● **Problem to solve**
Within the entries below, output exactly the lines between the line containing "Lambskin Camellia Embossed" and the line containing "Raf Simons Raf", inclusive, and omit any picture.

● **Dataset**
--
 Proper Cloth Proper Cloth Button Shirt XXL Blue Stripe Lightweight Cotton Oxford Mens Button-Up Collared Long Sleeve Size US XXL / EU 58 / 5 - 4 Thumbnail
--
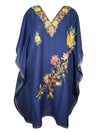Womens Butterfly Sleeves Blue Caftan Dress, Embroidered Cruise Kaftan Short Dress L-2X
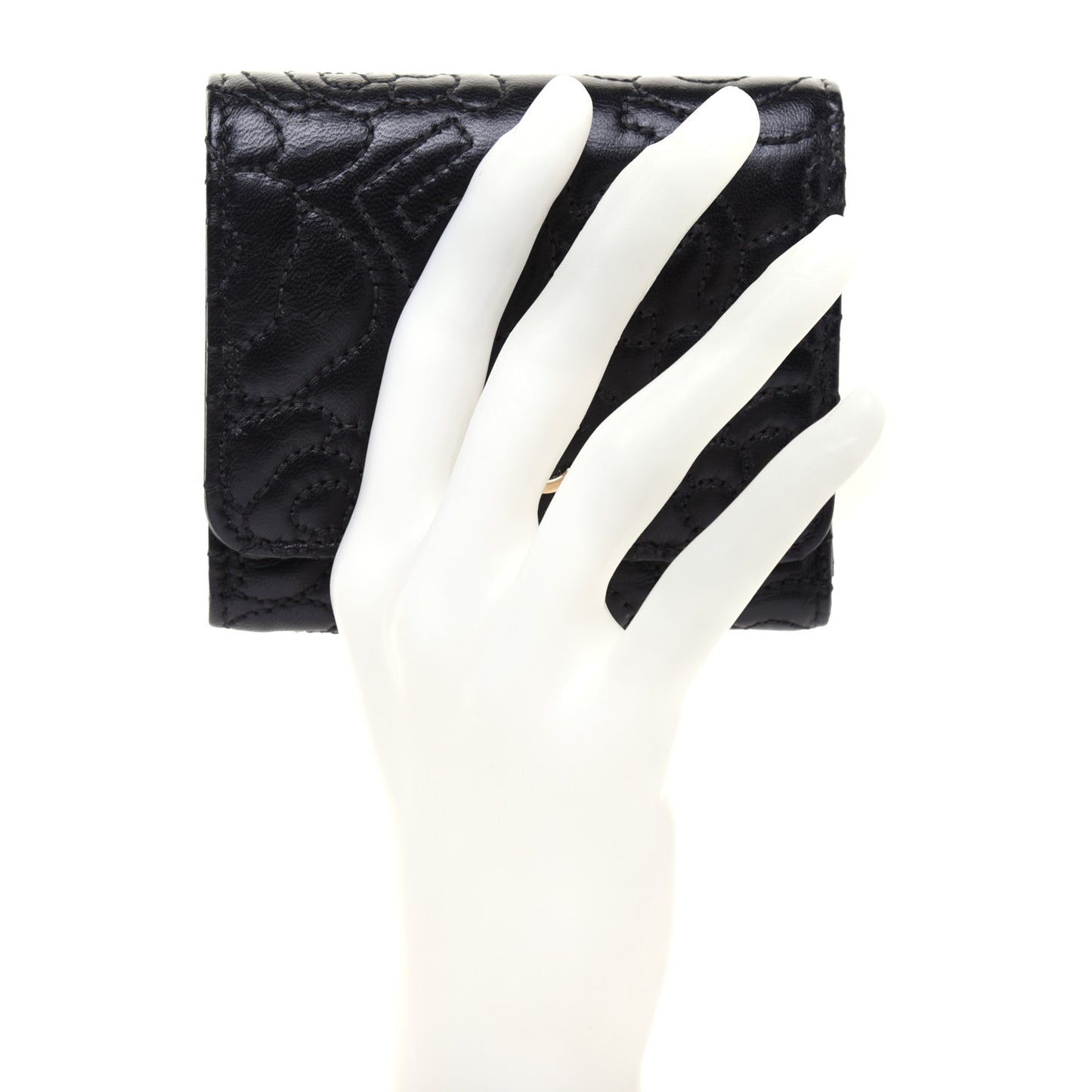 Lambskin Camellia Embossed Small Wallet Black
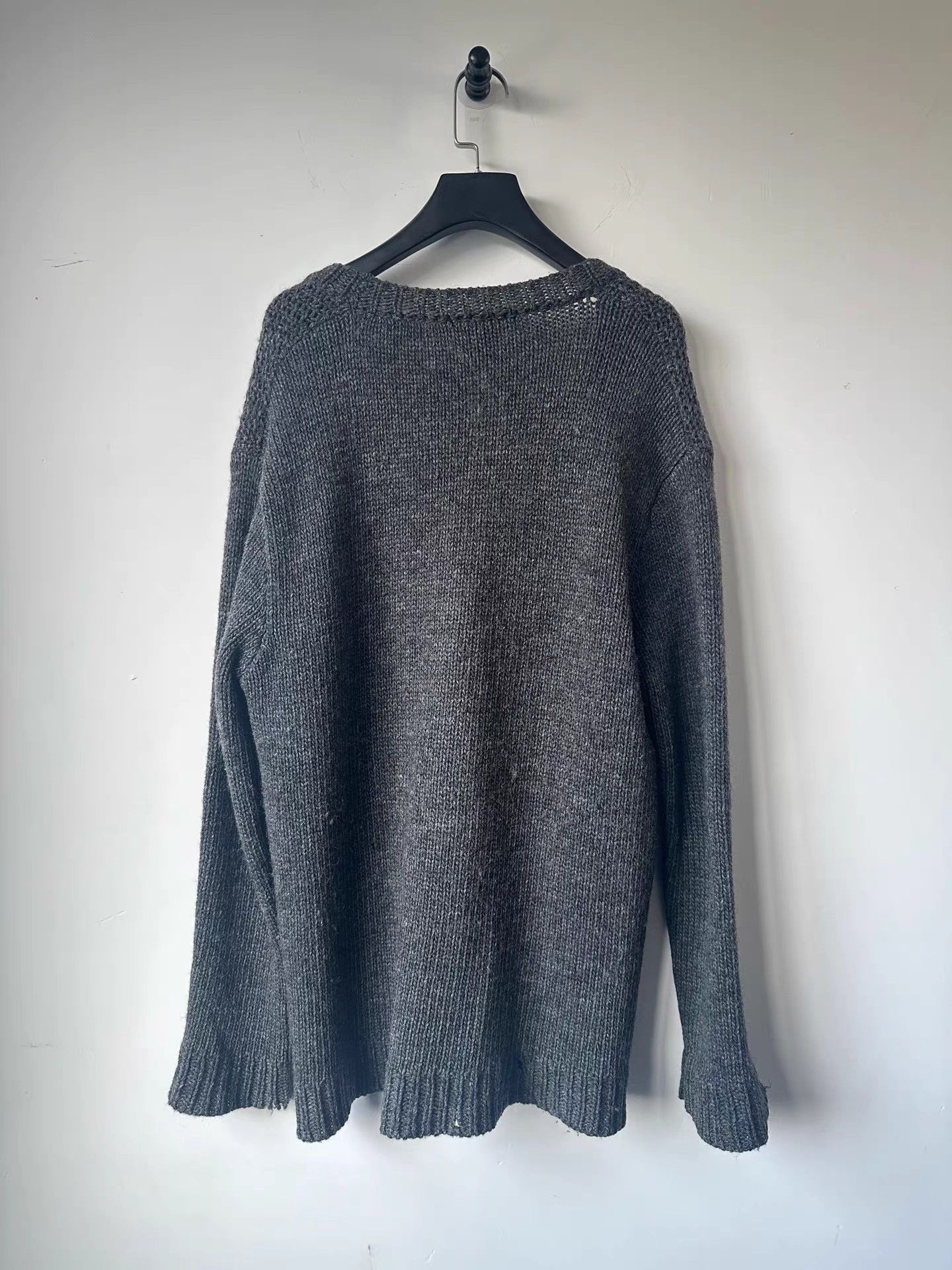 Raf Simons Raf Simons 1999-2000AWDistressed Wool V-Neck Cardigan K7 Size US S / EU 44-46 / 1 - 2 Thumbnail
--
● **Written solution**
 Lambskin Camellia Embossed Small Wallet Black
 Raf Simons Raf Simons 1999-2000AWDistressed Wool V-Neck Cardigan K7 Size US S / EU 44-46 / 1 - 2 Thumbnail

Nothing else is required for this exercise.